Xterm on raspberry-pi to Xming on windows

Elena picture Elena · Jun 18, 2014 · Viewed 7.2k times · Source

I have a raspberry-pi. I have it set up so I can ssh into it with putty from my windows machine. I have codeblocks installed on the raspberry-pi. I would like to be able to open and display the codeblocks ide on my windows machine from the pi. I have xterm(-v 278) installed on my pi and Xming installed on my windows machine.

On my windows machine open Xlauch to start Xming I leave the default values but I disable access control. Then on my windows machine I open putty to ssh into my pi, with X forwarding enabled for this session. Once logged in on the pi I type

$ export DISPLAY="<windows_machine_ip>:0.0

$ xterm DISPLAY

than I get the message xterm: No absolute path found for shell: DISPLAY

I am really confused why I am getting this message. Does anyone know a fix or can explain what I am doing wrong. Thanks in advance.

Answer

harmic picture harmic · Jun 19, 2014

You do not need to put the argument DISPLAY after xterm like that. It is enough to have the environment variable DISPLAY set and exported (as you have in your first command).

The synopsis of xterm is:

xterm [-toolkitoption ...] [-option ...] [shell]

So, when you type this:

xterm DISPLAY

it is interpreting the word DISPLAY as the name of the shell you want to use - thus the error message No absolute path found for shell: DISPLAY.

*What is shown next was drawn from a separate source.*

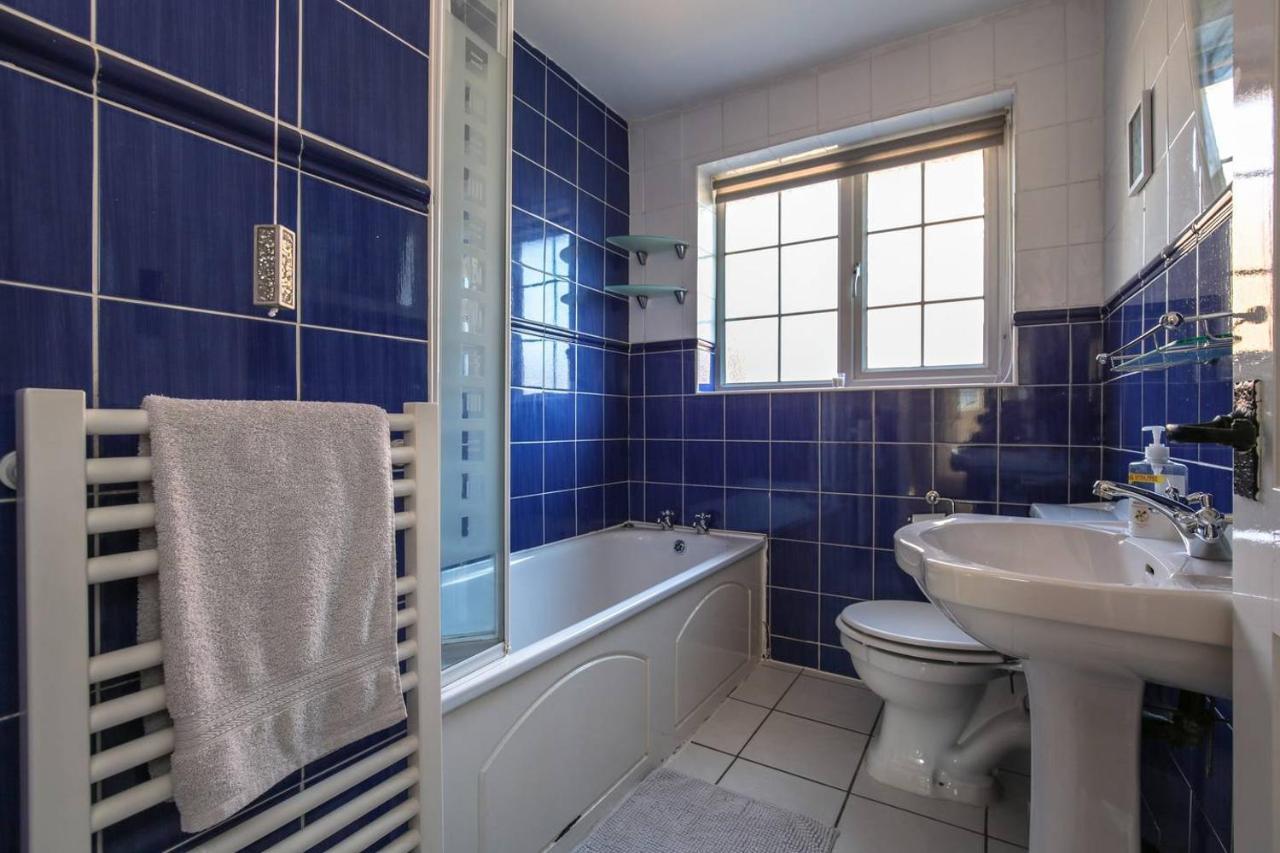 Eaton House Apartment Честър Екстериор снимка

In short, all you had to type was this:

$ export DISPLAY="<windows_machine_ip>:0.0
$ xterm &

I recommend putting the '&' on the end, as that starts xterm in the background and returns your original shell so you can enter more commands if desired.

Since you are using PuTTY, an even easier way is to use it's built in X11 forwarding.

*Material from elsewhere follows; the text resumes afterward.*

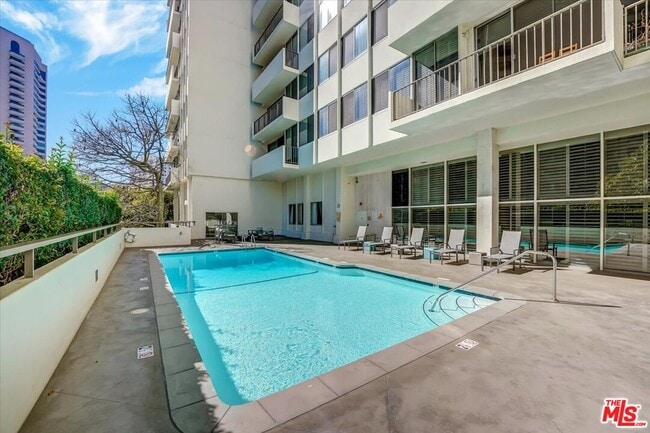 Building Photo - 10433 Wilshire Blvd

Configure Putty for X11 Forwarding

Under Connection->SSH->X11, tick 'enable X11 forwarding' before you start your session. After this, as soon as the connection is open, just type xterm &, or any other X command.

Note that when using SSH X11 Forwarding, you do not need to set the DISPLAY variable. It will automatically be set on login, to a value such as localhost:10.0. This means that the sshd daemon is pretending to be an X server with display #10, whereas in reality it is forwarding all connections through to your local PC where they reach the real X server.